Several members of Long Island’s congressional delegation voiced unequivocal support for President Donald Trump’s missile strike against Syria Thursday night after the regime was accused of a chemical attack that killed more than 80 civilians Tuesday.
Senate Minority Leader Chuck Schumer (D-N.Y.), Rep. Peter King (R-Seaford) and Rep. Thomas Suozzi (D-Glen Cove) said the world had to hear the message — the use of a chemical weapon by President Bashar Assad would not go unpunished.
“The U.S. had to show leadership here,” said King, chairman of the House counterterrorism panel on the Homeland Security Committee. “We are the world leader, so it was important to take this action and send a message to Russia, that they can’t continue to support Assad.”
Schumer said making sure Assad knows he will pay a price for his actions is “the right thing to do.”
“It is incumbent on the Trump administration to come up with a strategy and consult with Congress before implementing it,” the senator said.

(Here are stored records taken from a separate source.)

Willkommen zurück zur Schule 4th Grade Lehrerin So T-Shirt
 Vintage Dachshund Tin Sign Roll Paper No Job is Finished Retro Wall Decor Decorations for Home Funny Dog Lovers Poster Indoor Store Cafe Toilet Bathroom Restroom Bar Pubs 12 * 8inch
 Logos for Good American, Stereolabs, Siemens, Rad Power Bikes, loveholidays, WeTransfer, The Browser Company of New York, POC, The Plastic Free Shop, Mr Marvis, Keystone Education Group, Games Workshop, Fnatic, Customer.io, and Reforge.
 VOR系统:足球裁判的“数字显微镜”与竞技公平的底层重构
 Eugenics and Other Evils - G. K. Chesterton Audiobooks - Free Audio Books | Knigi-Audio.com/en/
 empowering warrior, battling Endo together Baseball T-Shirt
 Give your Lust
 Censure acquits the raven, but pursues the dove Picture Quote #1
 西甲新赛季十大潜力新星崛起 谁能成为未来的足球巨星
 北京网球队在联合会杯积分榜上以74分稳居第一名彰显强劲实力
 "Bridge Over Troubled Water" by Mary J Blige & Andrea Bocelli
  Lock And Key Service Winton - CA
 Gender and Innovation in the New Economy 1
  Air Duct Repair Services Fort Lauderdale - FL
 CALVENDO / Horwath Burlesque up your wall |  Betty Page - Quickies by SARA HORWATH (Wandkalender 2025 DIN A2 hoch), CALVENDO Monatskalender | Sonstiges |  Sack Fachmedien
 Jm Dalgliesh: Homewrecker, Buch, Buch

Rep. Lee Zeldin (R-Shirley) also backed the move because “Assad had shown a willingness in the past to use chemical warfare.” Emphasizing that the missiles were aimed at “infrastructure, not people,” Zeldin also issued a statement saying past “complacency” had destabilized the region and fueled the growth of the Islamic State group.
Suozzi, who is on the House Armed Services and Foreign Relations committees, supported the order, but added that he hopes the president did not make an “emotional” decision and consulted with advisers and U.S. allies beforehand.
“The president is sending a very clear message, that the actions by the Syrian president are an affront to humanity,” the congressman said. “He took a very decisive action.”
Suozzi said he’s more concerned about Russia’s reaction than about Syria striking back at the United States.
Russian President Vladimir Putin has propped up Assad’s regime by sending troops to Syria, ostensibly to fight ISIS but in reality bombing rebel-held territories.
But by striking at Assad, Trump could well resolve the perception that he’s too cozy with the Russian dictator, who hacked into the Democratic Party’s computers to try to influence the presidential election.
“The president has a problem regarding his unusual relationship with the Russians,” Suozzi said, “and this would be a good way to get out from under that.”
King said he’s not too worried about retaliation from Syria, which is in turmoil, and from Russia, struggling under years of economic recession.
But the Republican said a difficult road may be ahead: “If we want Assad out, who do we want in his place, because you don’t want it to be ISIS. I don’t see how Assad would be allowed to remain there.”